-- STUDY MATERIAL --
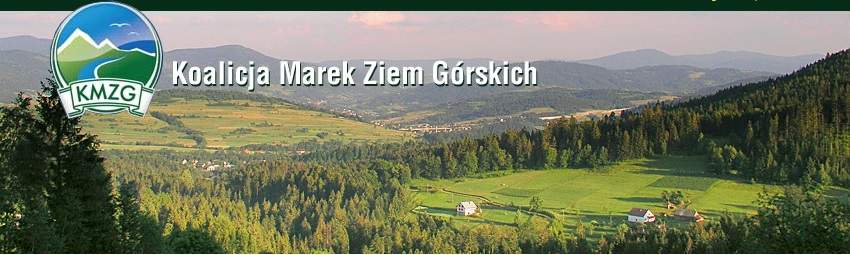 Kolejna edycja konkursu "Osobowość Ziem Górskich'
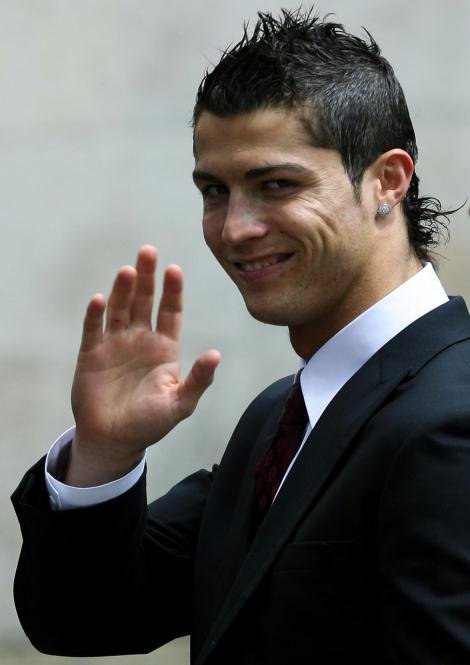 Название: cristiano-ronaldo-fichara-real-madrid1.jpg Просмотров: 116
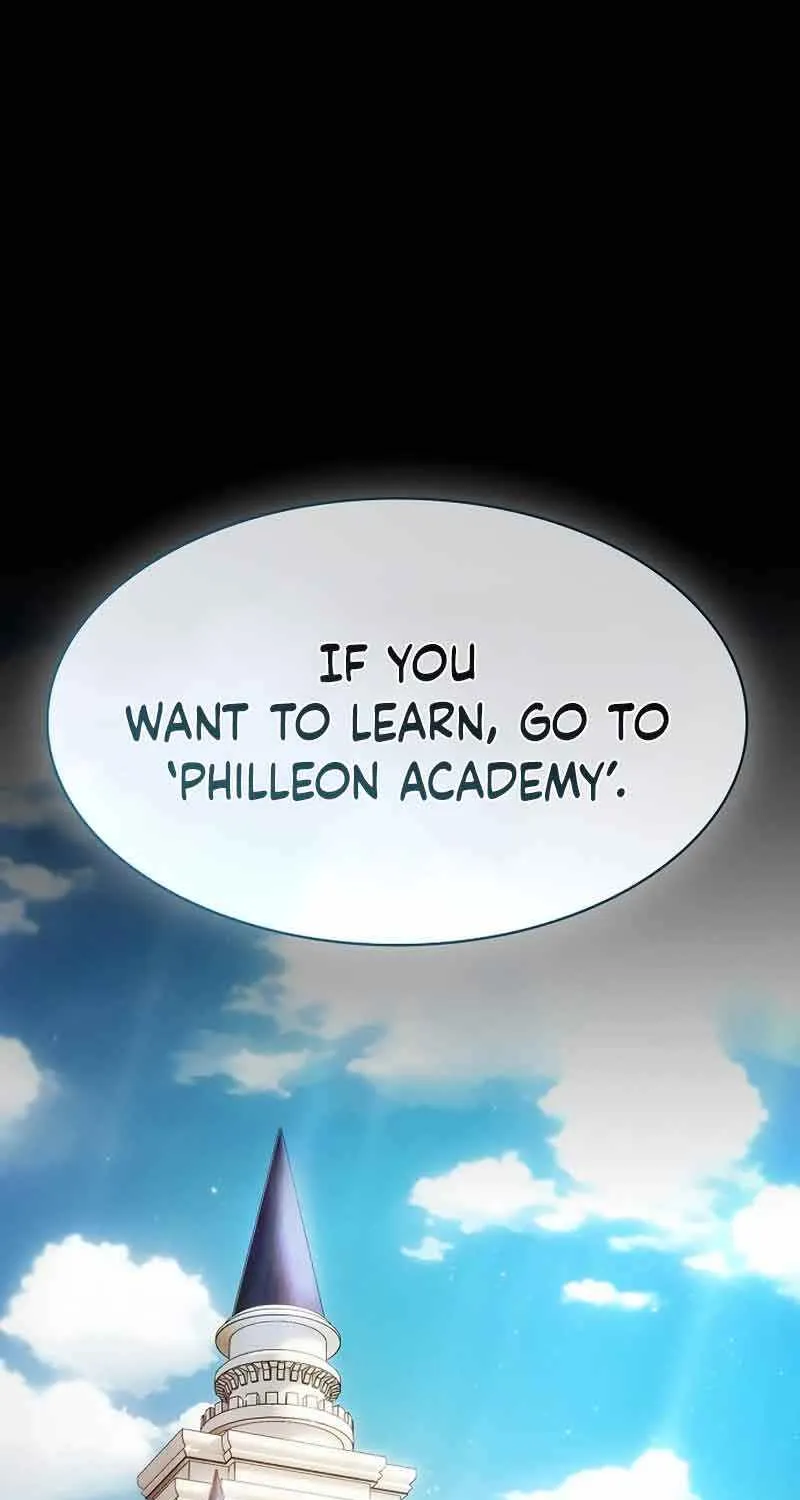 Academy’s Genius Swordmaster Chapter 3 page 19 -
---
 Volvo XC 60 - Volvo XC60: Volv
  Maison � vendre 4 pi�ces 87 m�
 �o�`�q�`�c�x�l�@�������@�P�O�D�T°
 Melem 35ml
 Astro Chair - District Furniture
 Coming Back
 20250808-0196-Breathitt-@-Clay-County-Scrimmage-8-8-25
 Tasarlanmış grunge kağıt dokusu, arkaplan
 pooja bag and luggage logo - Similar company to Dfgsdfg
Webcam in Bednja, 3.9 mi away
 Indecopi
...
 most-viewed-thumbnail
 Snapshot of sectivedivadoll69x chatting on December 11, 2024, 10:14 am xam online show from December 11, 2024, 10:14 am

-- ASSIGNMENT --
Would you copy, unchanged, the stretch of the records above that begins at the line containing "most-viewed-thumbnail" and ends at the line containing "Snapshot of sectivedivadoll69x", and only that?

-- REPLY TO THE TASK --
 most-viewed-thumbnail
 Snapshot of sectivedivadoll69x chatting on December 11, 2024, 10:14 am xam online show from December 11, 2024, 10:14 am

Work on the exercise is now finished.